TASK DESCRIPTION :: With the pictures left out, restate exactly the part below that opens with the line containing "Silver & Green Vintage Ring" and closes with the line containing "plain off shoulder ruffle hem slit dress".

DATASET ::
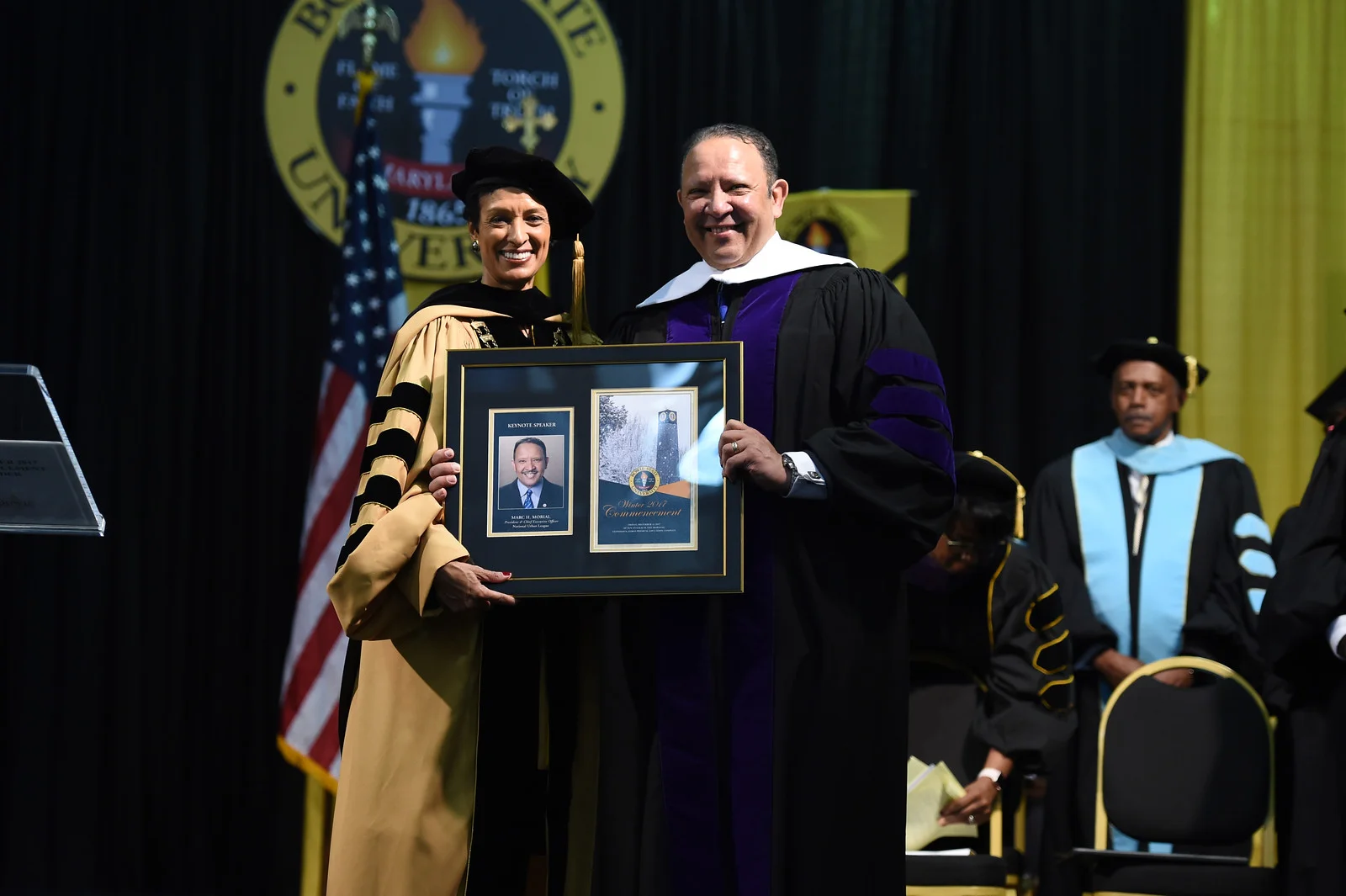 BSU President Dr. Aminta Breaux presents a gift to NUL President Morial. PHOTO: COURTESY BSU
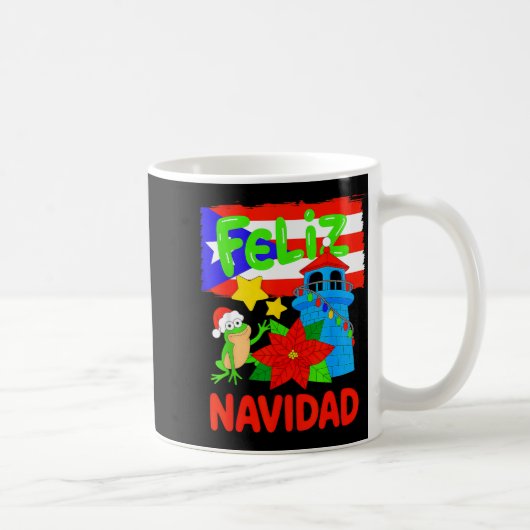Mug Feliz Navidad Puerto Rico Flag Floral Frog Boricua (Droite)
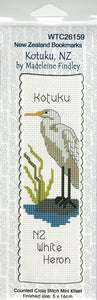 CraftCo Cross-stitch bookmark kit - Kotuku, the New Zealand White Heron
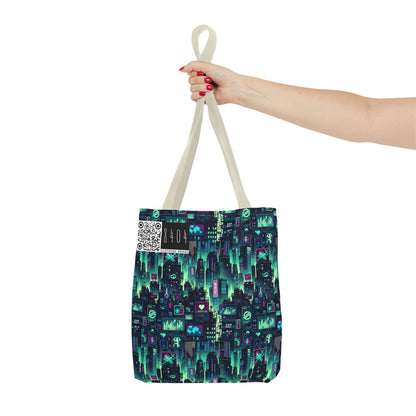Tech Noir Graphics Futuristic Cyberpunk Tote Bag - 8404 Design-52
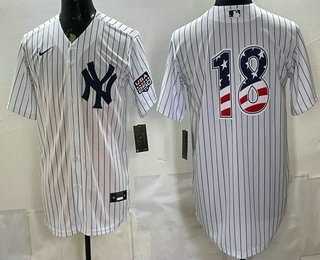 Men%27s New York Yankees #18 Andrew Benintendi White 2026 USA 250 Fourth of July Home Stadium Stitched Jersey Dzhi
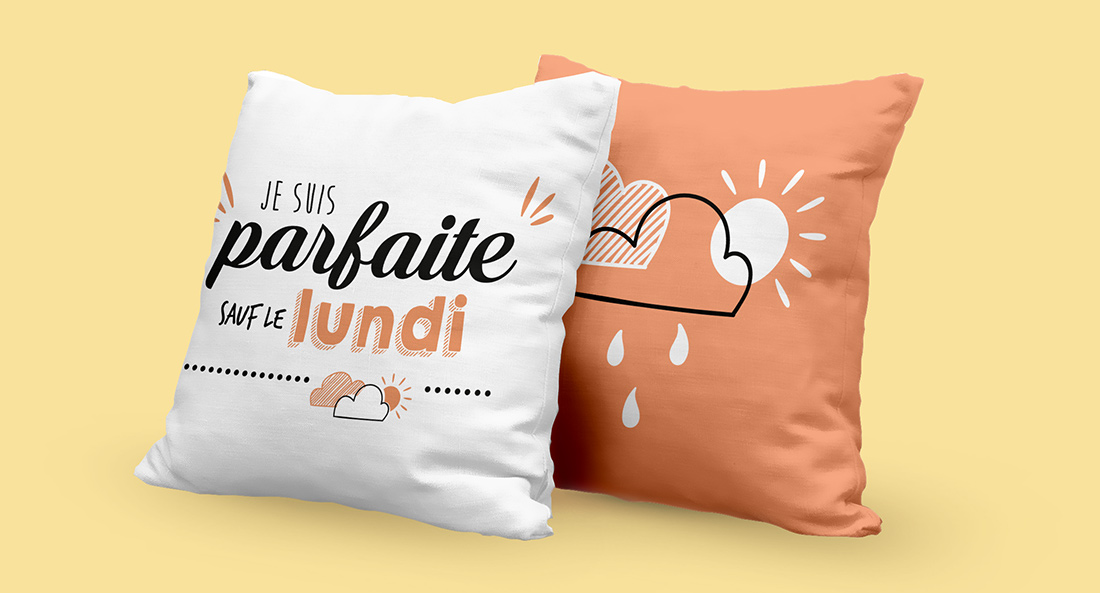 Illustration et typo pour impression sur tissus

---

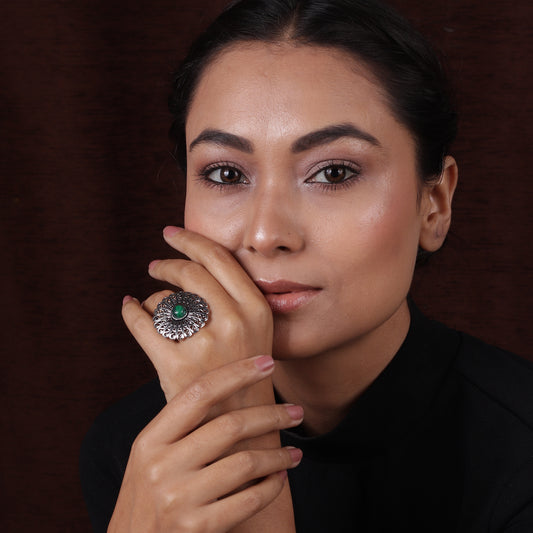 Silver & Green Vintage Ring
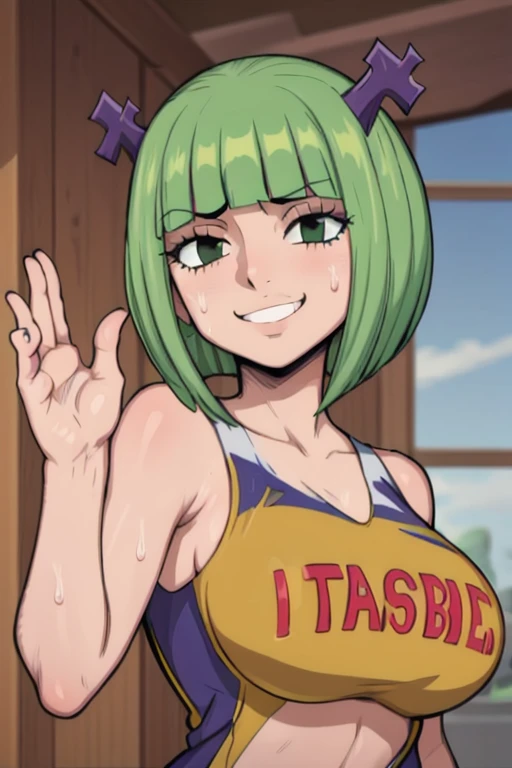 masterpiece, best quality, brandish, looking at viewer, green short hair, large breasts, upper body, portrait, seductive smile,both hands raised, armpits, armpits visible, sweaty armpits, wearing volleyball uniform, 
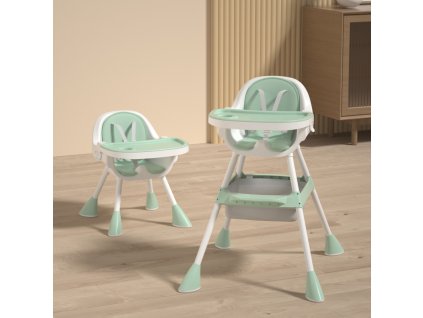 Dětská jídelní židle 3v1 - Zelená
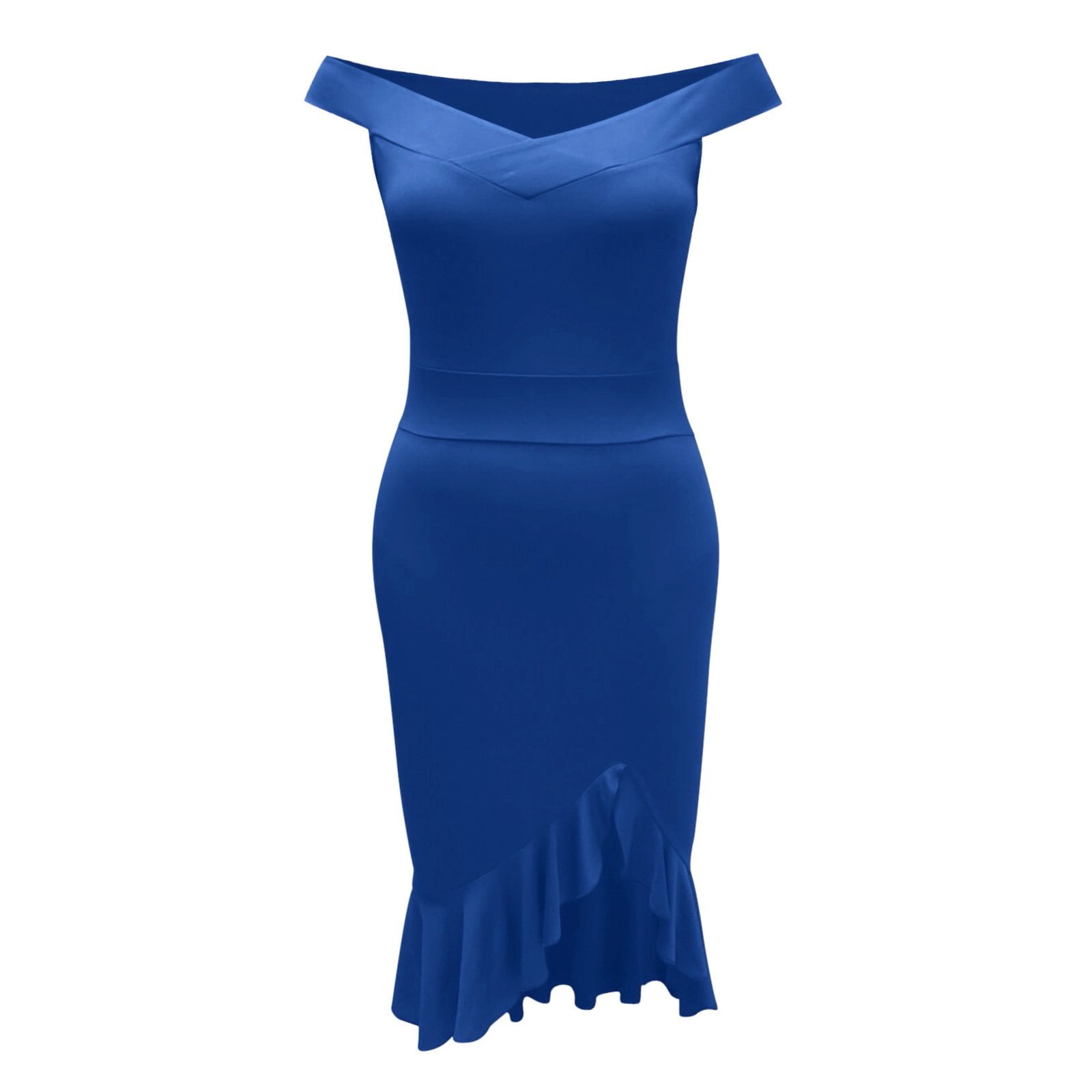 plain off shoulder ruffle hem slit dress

TASK OUTPUT ::
 Silver & Green Vintage Ring
 masterpiece, best quality, brandish, looking at viewer, green short hair, large breasts, upper body, portrait, seductive smile,both hands raised, armpits, armpits visible, sweaty armpits, wearing volleyball uniform, 
 Dětská jídelní židle 3v1 - Zelená
 plain off shoulder ruffle hem slit dress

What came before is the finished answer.